We've been having problems for a few months now, where randomly our primary internet connection will failover to the backup. After much investigation, troubleshooting, network redesign and even a replacement of the MX the problem persists.
Prior to Wednesday, the internet would failover to WAN2 at random intervals, for a period of 1-2 seconds, and then switch back. This would have the effect of dropping every VoIP call in progress each time it fails over, and back again. The realtime utilisation graph in the Meraki dashboard is pretty much useless as by the time we get into it, the event has already gone off the left edge of the graph, and we only see current traffic, however on a couple of occasions we've seen high utilisation of the link immediately before a failover.
We logged cases with both Meraki and our ISP. Our ISP's router logs show that their LAN interface which connects to our firewall drops, but their WAN (internet) link remains up and available. To find out if the router or the MX was faulty, we installed a switch between them so we can log which port drops. We saw the MX's WAN1 port would go off during the outage. Meraki took this information, and replaced our MX.
The replacement was installed on Wednesday, but the problem has continued - mostly during the night:
2 hours Thursday - midnight to 2am (both circuits)
4 seconds Thursday - 09:46:03-09:46:07 (primary)
We have managed to get PRTG up and running to monitor the interfaces, and interestingly this is showing zero downtime on either interface for the same periods.
Could this be a false positive? Could the cloud dashboard be recording loss of connectivity when in actual fact it is fine?

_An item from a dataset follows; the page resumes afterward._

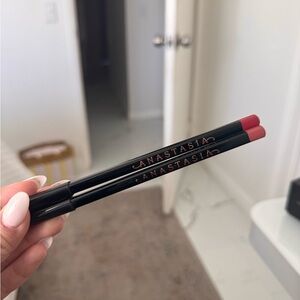 ANASTASIA beverly hills lip liners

These "new" outages on the replacement MX have so far only happened overnight - so I am hoping that this is just the cloud being stupid.
Anyone have any thoughts?
What is the WAN1 port of the MX directly connected to? Is it a device that supports Energy Efficient Ethernet (IEEE 802.3az)? If so disable it on that device as it is known to have problems with the WAN ports on the MX75.
It's connected to an HPE Aruba 2530, and I don't think EEE is enabled?
HP-2530-48G(config)# sh savepower led
LED Save Power Information
Configuration Status : Disabled
HP-2530-48G(config)# sh savepower port-low-pwr
Port Save Power Information
Configuration Status : Disabled
HP-2530-48G(config)# sh energy-efficient-ethernet
Port | EEE Config Current Status txWake(us)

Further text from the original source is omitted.